= The Fellowship Community =

The Fellowship Community, formerly known as the Fellowship of Presbyterians (FOP), arose from a movement started by seven pastors from some of the largest PC(USA) churches in the United States in 2010. The movement gained momentum when they met in August 2011 at a planning and organizational meeting in Minneapolis, Minnesota and began drafting essential tenets and refined polity for a new reformed body. A second gathering of the movement in January 2012 resulted in a new denomination known as Covenant Order of Evangelical Presbyterians (ECO). The Fellowship Community maintains that it is committed to remaining in the PC(USA) and "is not a waiting room for departure". It remains true, though, that many congregations leaving the PC(USA) have had a connection to The Fellowship Community and that The Fellowship Community strategizes with congregations seeking dismissal from the PC(USA). Jim Singleton, one time president of The Fellowship Community wrote, "We are now in a time when many congregations feel the need to withdraw…"
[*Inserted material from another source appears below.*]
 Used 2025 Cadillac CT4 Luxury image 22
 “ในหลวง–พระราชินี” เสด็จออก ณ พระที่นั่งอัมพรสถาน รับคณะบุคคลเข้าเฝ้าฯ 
In June 2014, the FOP parted ways structurally with ECO and shortly thereafter, joined with Presbyterians for Renewal (PFR) to work with conservative and evangelical congregations and individuals in the PCUSA. (In 1989, the Covenant Fellowship of Presbyterians and Presbyterians United for Biblical Concerns merged to form Presbyterians for Renewal (PFR)—a broad based advocacy and ministry organization.) In August 2014, the FOP and PFR began re-branding to become known as The Fellowship Community. The two groups fully merged in January, 2015. Presently, the Fellowship Community has approximately 183 member congregations within the PC(USA).